I read an article today (which I won’t link to due to its general poor quality) in which it was stated that a person was offered a bribe, and attempted to report it to law enforcement, but was told that since he didn’t accept the bribe, he didn’t have a case.
Nonsense of course, but it got me to wondering.
If someone tried to bribe me, and in order to procure evidence of the offer I accepted the bribe, and then went immediately to the police, would I be guilty of accepting the bribe? Does my immediate going to the police indicate anything about intent, and does intent make any difference as to whether I committed a crime?
The federal bribery statute requires only an offer or a solicitation of a bribe. So it’s irrelevant whether the “innocent” official accepts it.
It may make a difference for the purposes of a conspiracy charge. At (Anglo-American) common law, there could be no conspiracy unless there were two guilty minds. So if you conspired to commit a crime with an undercover cop, you could not be found guilty (since the cop was only pretending to conspire with you.) This is called the “bilateral theory” of conspiracy.
Today, most jurisdictions have abolished this requirement and adopted the unilateral theory, which as you might have guessed, requires only one guilty mind. So you can be convicted of conspiracy to commit bribery even if the other person doesn’t take it. However, there are some jurisdictions which retain the bilateral requirement.
Usually, the authorities will make you go back and accept the actual bribe under supervised conditions, because this makes the case a near slam-dunk for the DA as opposed to it just being your word against theirs…

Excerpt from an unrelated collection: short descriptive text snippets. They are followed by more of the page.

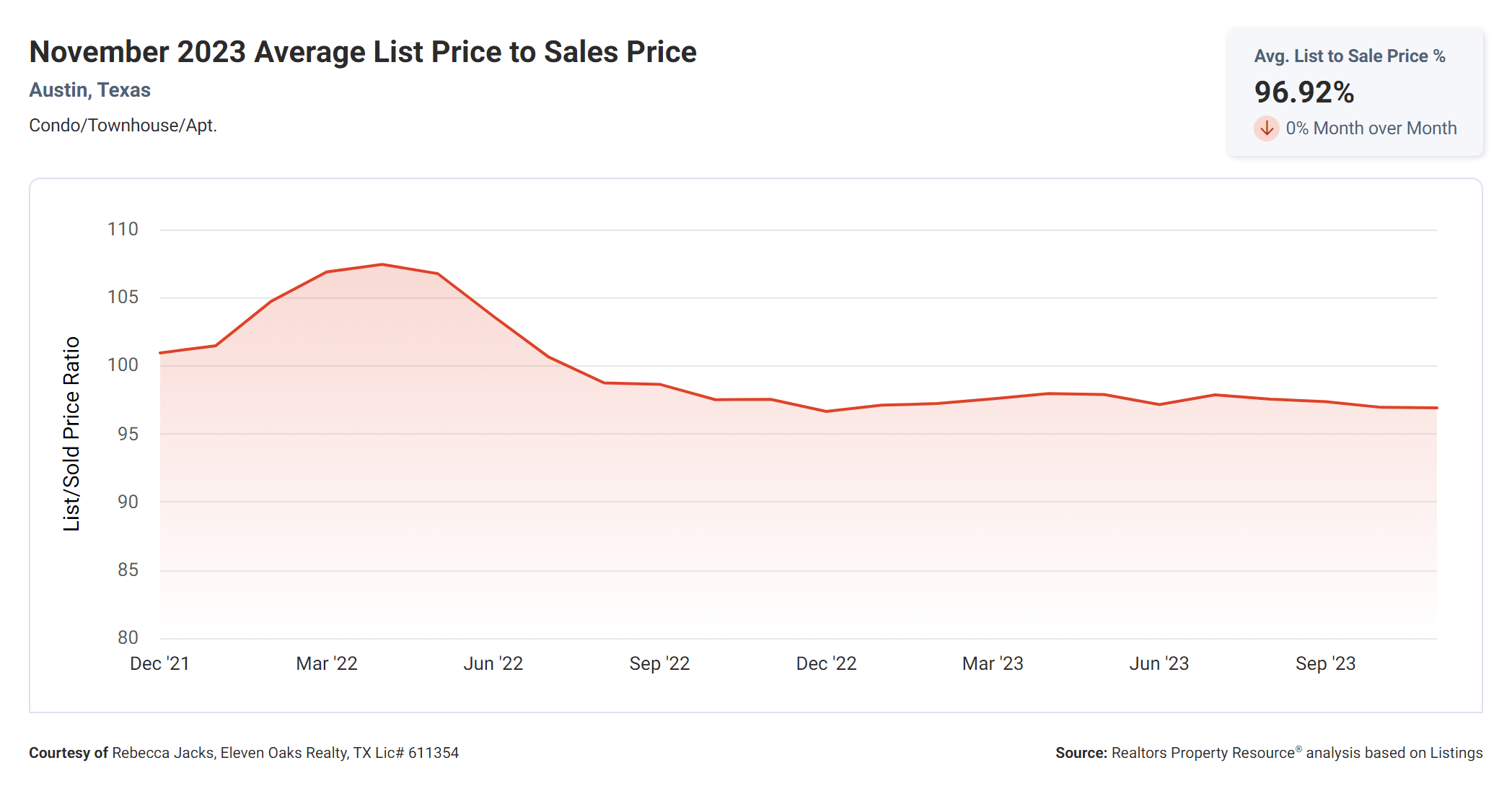 November 2023 Austin condo average list price to sales price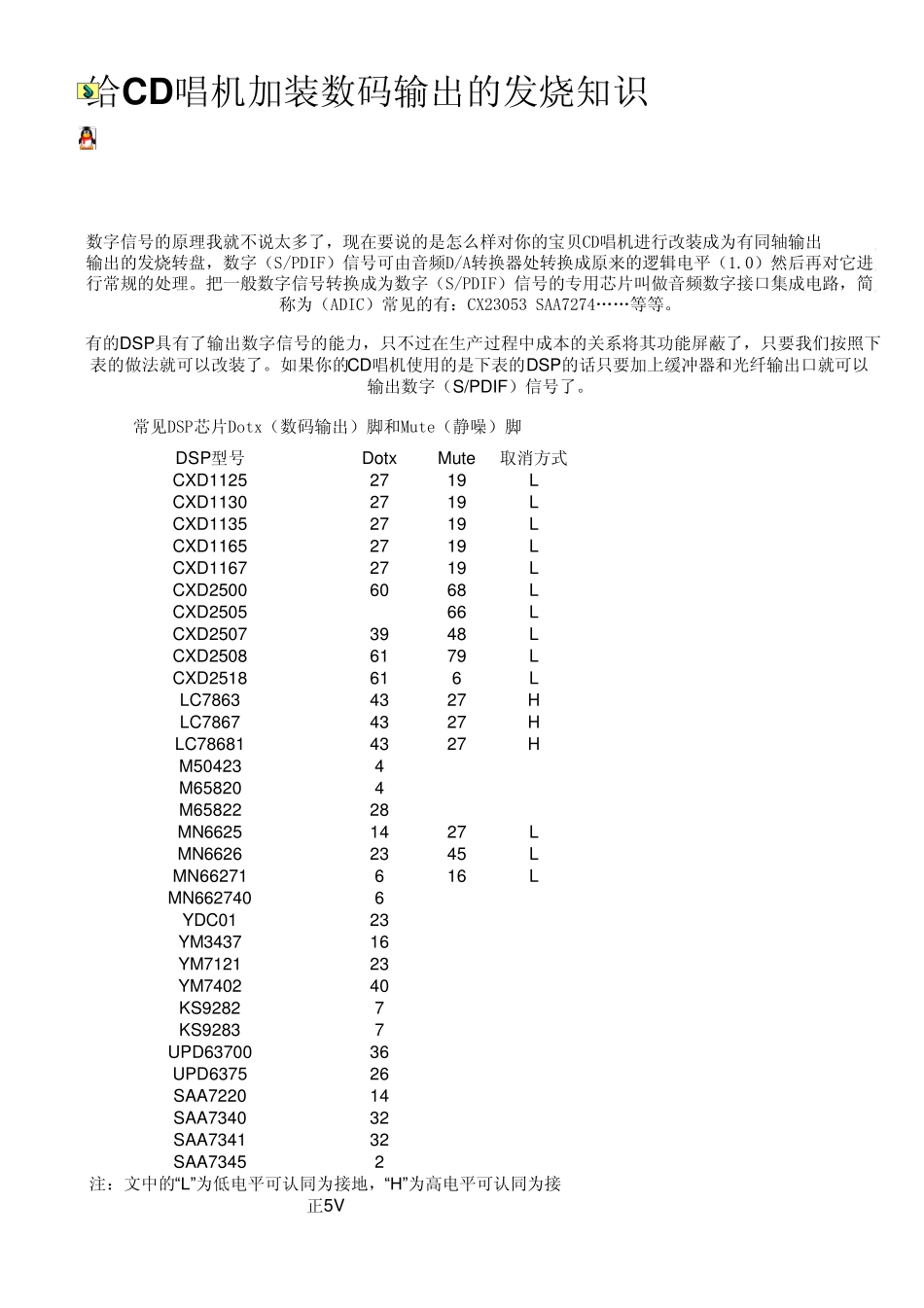 数字音频整形同轴输出电路_第1页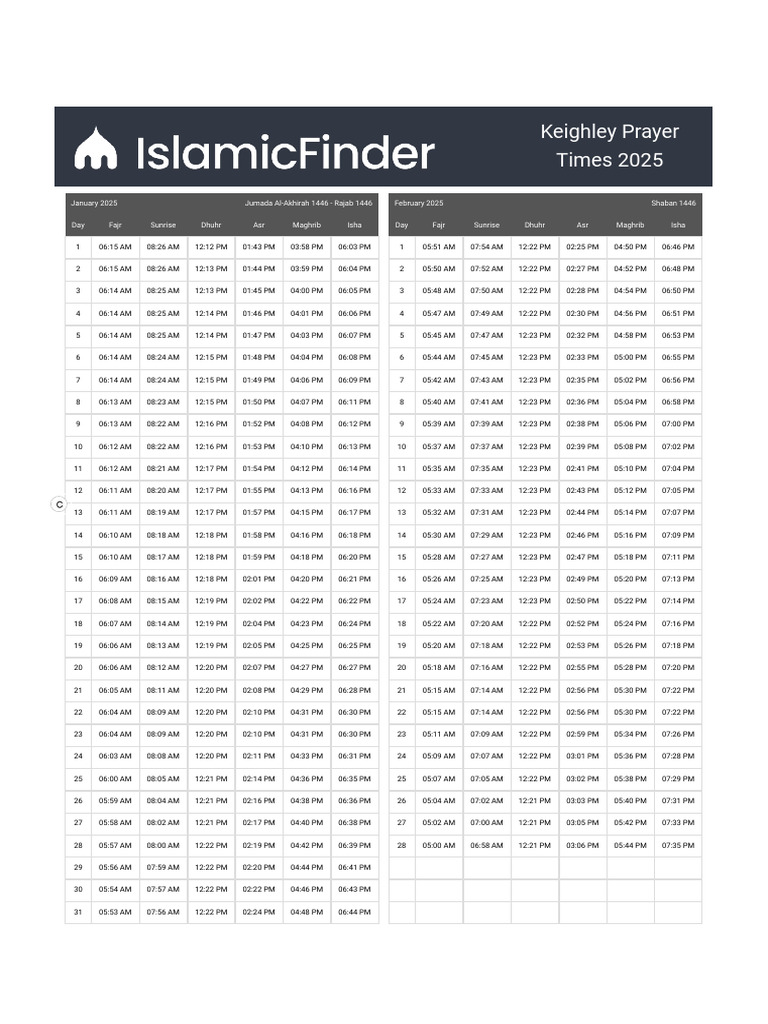 yearly-prayer-times-2025-islamicfinder-pdf-theocracy-semitic-words-and-phrases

Richard Kelly, a Congressman from Florida, was ccaught on tape pocketing $25,000 in the Abscam scandal. Kelly argued that he only accepted the bribe because he was running his own, secret, independent investigation.
The jury had trouble swallowing this, as did the judge, the appeals court, and the federal prison where he served his sentence.
Isn’t that how Linda Tripp got off? What she did, recording the conversations, was illegal, but they gave her immunity from prosecution?
No. Tripp was immune from federal prosecution, but she was still subject to prosecution - and indeed was charged - under Maryland state law. The state charges were dropped when the judge ruled that Monica Lewinsky could not testify against Tripp.